Cooling Towers

A cooling tower cools water by spraying it through a stream of ambient air. A schematic diagram of a cooling tower and the manner in which it serves the refrigeration condenser are shown in Fig. 7.6. The air- and water-flow patterns suggested in Fig. 7.6 are counterflow of air and water, a frequently used configuration. Another popular geometry is crossflow, in which the air is blown horizontally through the falling stream of water. Because some water evaporates into the air, a supply of makeup water must be provided. Also, because the makeup water contains some dissolved minerals, the concentration of these minerals in the sump water would progressively increase were a blowdown not provided.

A cooling tower.

The explanation of the heat- and mass-transfer process in a cooling tower starts with the recollection of the straight-line law first introduced in Sec. 6.13. The straight-line law states that when air is in contact with water, the change in air conditions is a straight line on the psychrometric chart directed toward the saturation line at the water temperature. This information is used to examine what happens to the enthalpy (heat content) of the air. If the enthalpy of air increases in the process, the enthalpy and temperature of the water must decrease. Consider first the special case shown in Fig. 7.7, where the wet-bulb temperature of the air equals the water temperature.

When the water temperature is the same as the wet-bulb temperature of the air, there is no change in water temperature.

The path of the air moves toward the saturation line at the water temperature, which is along the wet-bulb temperature line. The wet-bulb temperature lines and the enthalpy lines are essentially parallel, so there is no change in the enthalpy of air, and the temperature of water does not change either. This is the process that takes place in evaporative coolers that reduce the air temperature in homes in arid regions.

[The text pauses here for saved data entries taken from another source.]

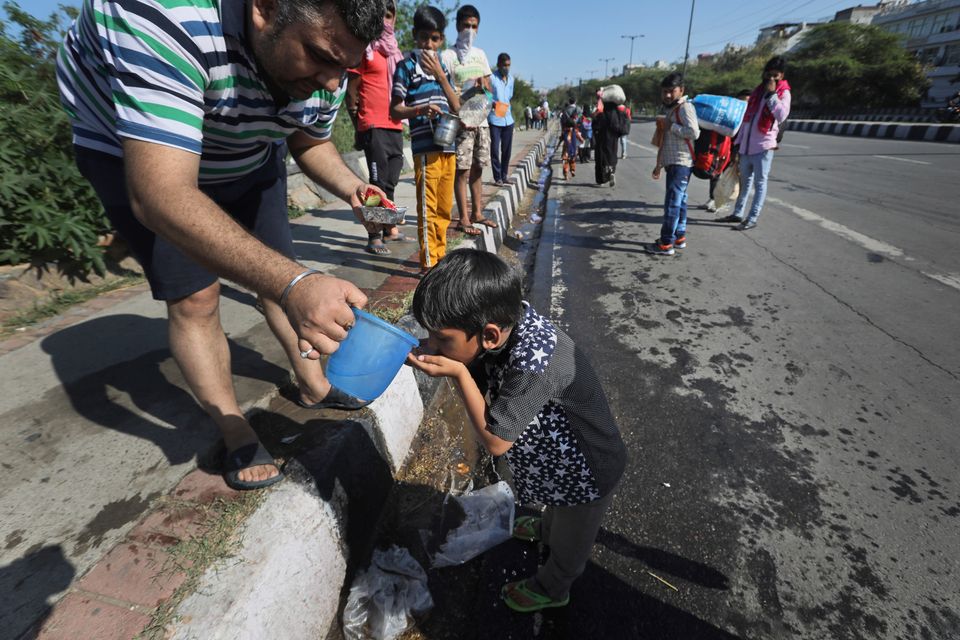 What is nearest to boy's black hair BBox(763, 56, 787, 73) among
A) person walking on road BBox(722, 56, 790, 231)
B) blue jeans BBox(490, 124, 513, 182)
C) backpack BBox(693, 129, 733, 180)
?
person walking on road BBox(722, 56, 790, 231)

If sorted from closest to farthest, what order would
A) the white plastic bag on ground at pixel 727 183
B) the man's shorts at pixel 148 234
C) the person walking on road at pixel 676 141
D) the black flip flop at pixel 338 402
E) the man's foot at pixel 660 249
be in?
1. the man's shorts at pixel 148 234
2. the black flip flop at pixel 338 402
3. the person walking on road at pixel 676 141
4. the man's foot at pixel 660 249
5. the white plastic bag on ground at pixel 727 183

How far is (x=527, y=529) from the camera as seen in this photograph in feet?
6.13

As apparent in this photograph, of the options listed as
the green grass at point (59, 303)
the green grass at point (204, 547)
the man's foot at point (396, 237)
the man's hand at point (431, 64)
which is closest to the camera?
the green grass at point (204, 547)

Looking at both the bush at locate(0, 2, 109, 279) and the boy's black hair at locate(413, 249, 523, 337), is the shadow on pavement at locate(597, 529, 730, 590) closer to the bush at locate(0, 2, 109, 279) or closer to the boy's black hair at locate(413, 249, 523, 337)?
the boy's black hair at locate(413, 249, 523, 337)

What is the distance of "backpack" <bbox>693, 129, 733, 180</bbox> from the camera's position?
5587mm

If the temperature of the water is higher than the wet-bulb temperature of the air, as in Fig. 7.8, the enthalpy of the air increases from point 1 to point 2, so an energy balance requires that this heat must come from the water by cooling it from point 1′ to point 2′.

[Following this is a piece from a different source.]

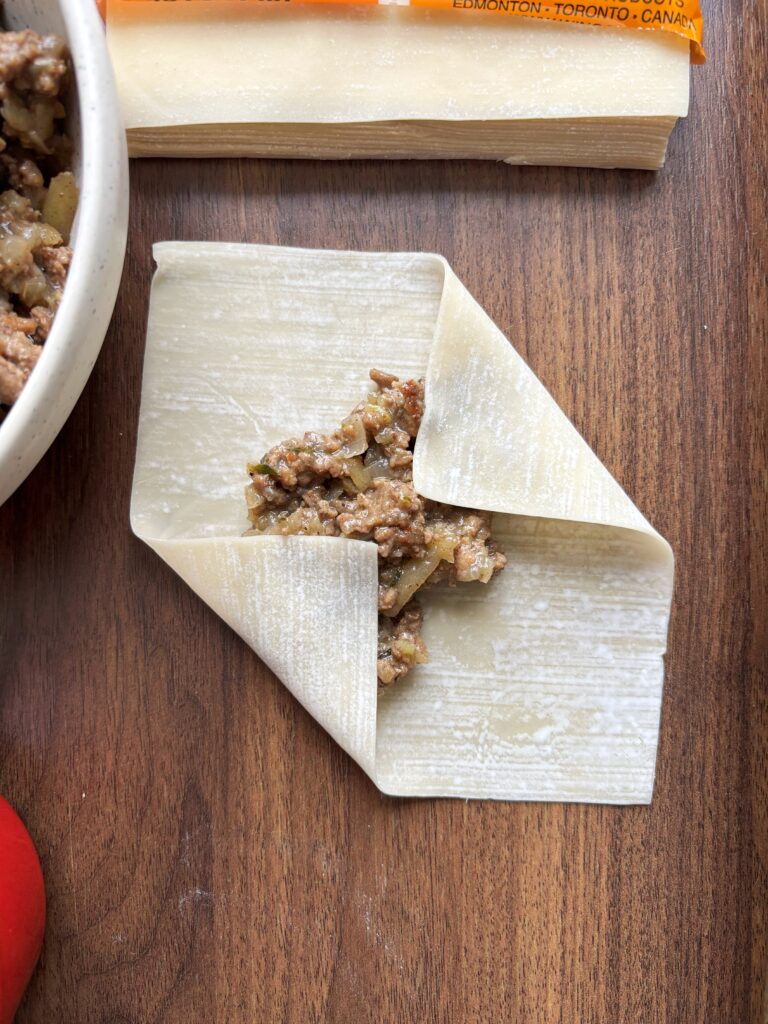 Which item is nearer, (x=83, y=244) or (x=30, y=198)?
(x=83, y=244)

The enthalpy of air rises and the temperature of water drops when the water temperature is higher than the wet-bulb temperature of the air.

When these elementary processes are expanded to a complete counterflow cooling tower, they show the pattern of air and water conditions as in Fig. 7.9. The air progressively increases in enthalpy, and while its dry-bulb temperature is shown decreasing in Fig. 7.9 as it rises through the tower, there could be situations where the temperature increases in passing through the tower.

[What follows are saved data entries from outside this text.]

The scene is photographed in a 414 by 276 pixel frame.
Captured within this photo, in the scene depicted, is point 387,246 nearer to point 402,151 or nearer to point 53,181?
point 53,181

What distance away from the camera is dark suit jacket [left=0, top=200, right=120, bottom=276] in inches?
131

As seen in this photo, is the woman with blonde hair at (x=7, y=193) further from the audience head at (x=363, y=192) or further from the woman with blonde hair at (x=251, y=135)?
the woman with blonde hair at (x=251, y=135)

The key concept implicit in Figs. 7.7 through 7.9 is that the leaving water temperature can approach the wet-bulb temperature of entering air. For this reason, catalog data for cooling towers show the ambient condition that affects cooling tower performance as the wet-bulb temperature, and dry-bulb temperatures may not even be indicated. When a constant heat load is imposed on the condenser and its cooling water, the leaving water temperature rides up as the ambient wet-bulb temperature increases in a trend as shown in Fig. 7.10. Because the heat load and the water-flow rate are constant, a fixed drop in water temperature (5°C or 9°F in this case) prevails over the entire range shown in the graph.

Leaving water temperature from a cooling tower as the ambient wet-bulb temperature changes. The heat load and water-flow rate are constant.